### DATA RECORDS:
====
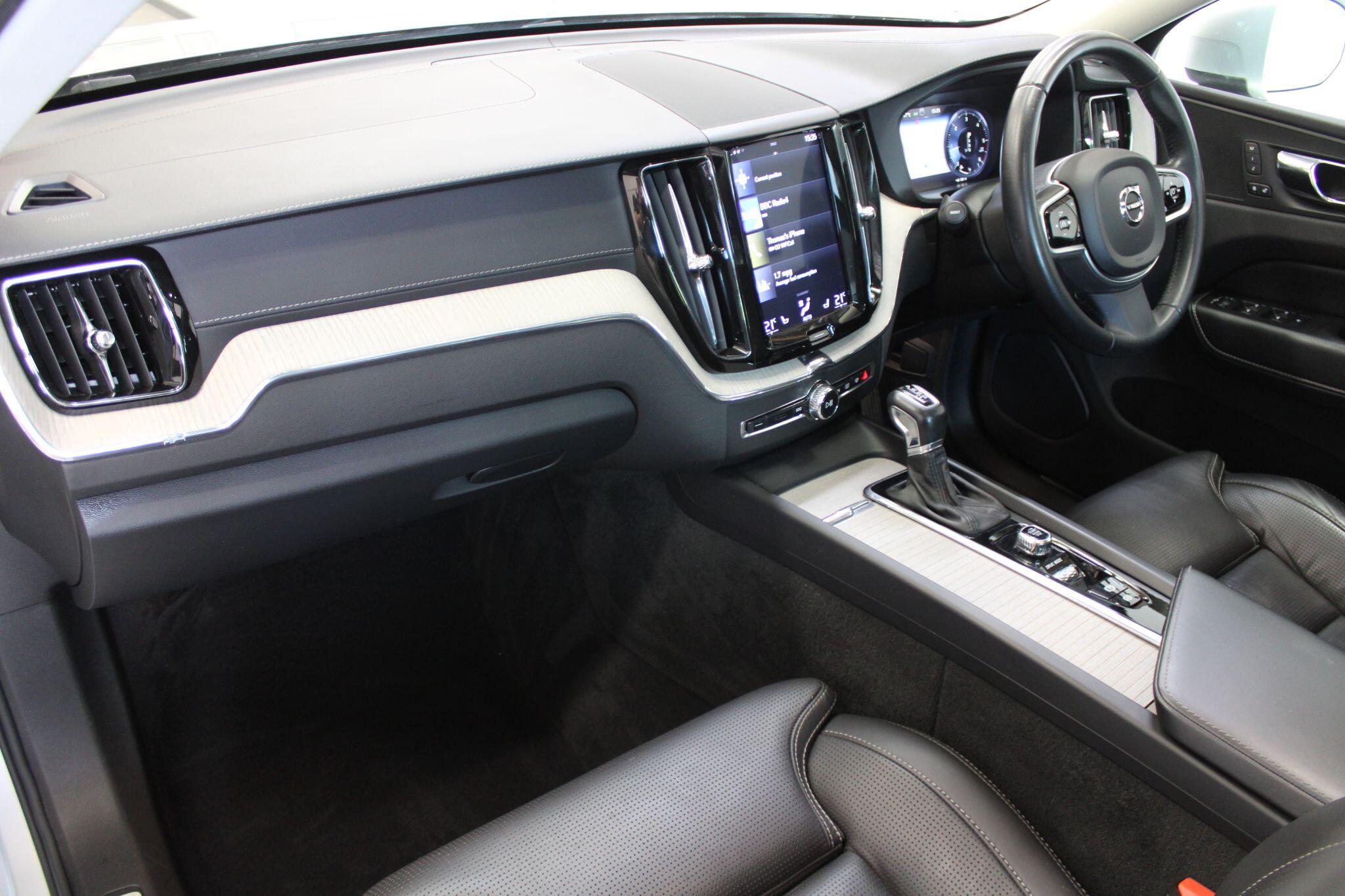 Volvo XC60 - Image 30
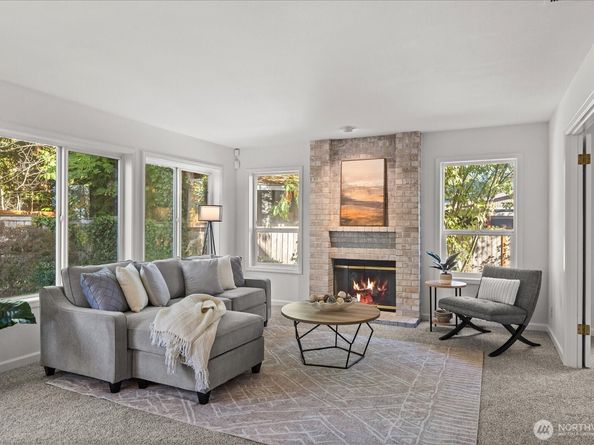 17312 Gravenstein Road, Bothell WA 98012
====
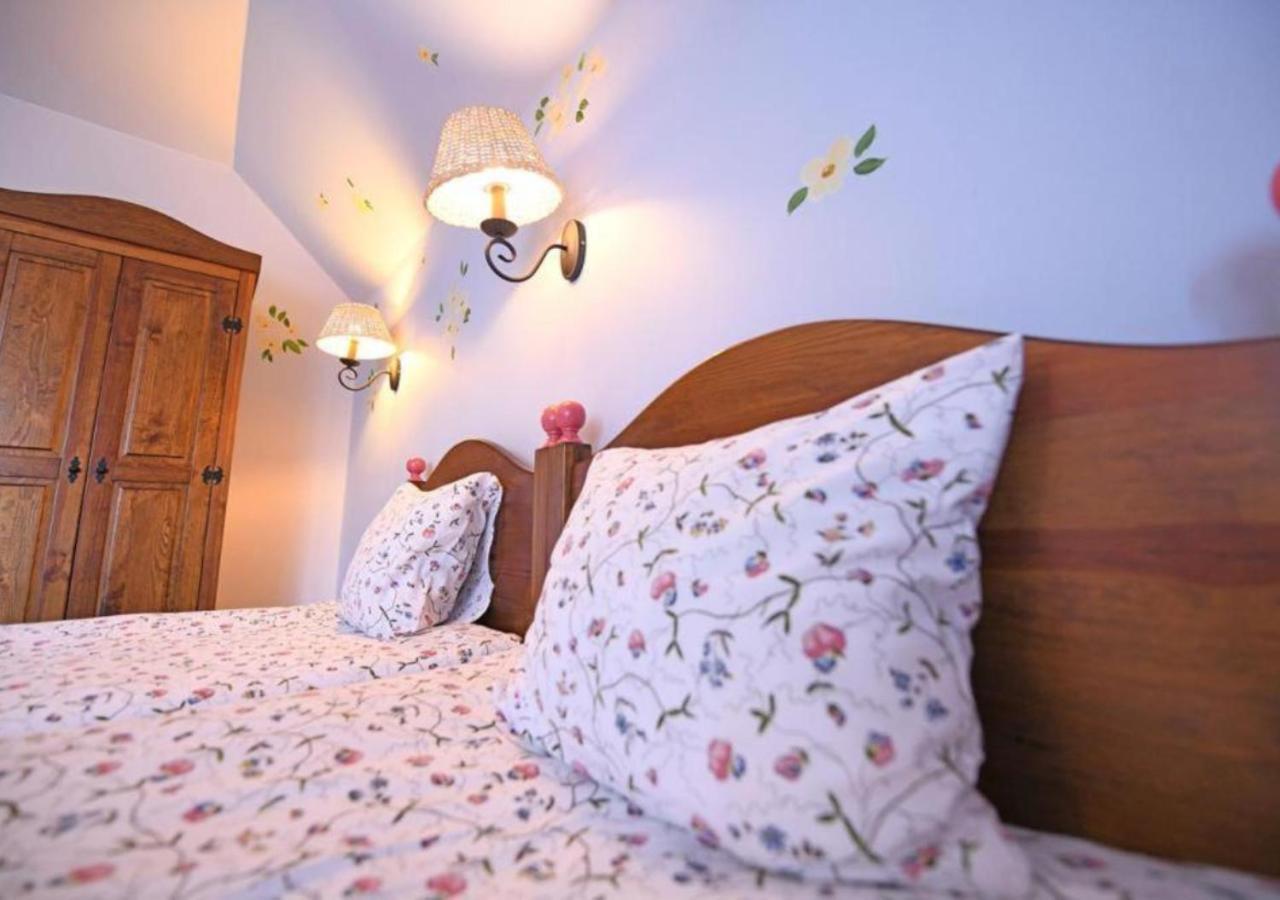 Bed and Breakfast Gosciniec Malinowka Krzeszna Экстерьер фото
====
### TASK DETAILS:
Output exactly, and only, the lines of the entries above from the one with "Volvo XC60 - Image 30" up to and including the one with "17312 Gravenstein Road, Bothell WA 98012"; pictures are to be left out.

### FINISHED TASK:
 Volvo XC60 - Image 30
 17312 Gravenstein Road, Bothell WA 98012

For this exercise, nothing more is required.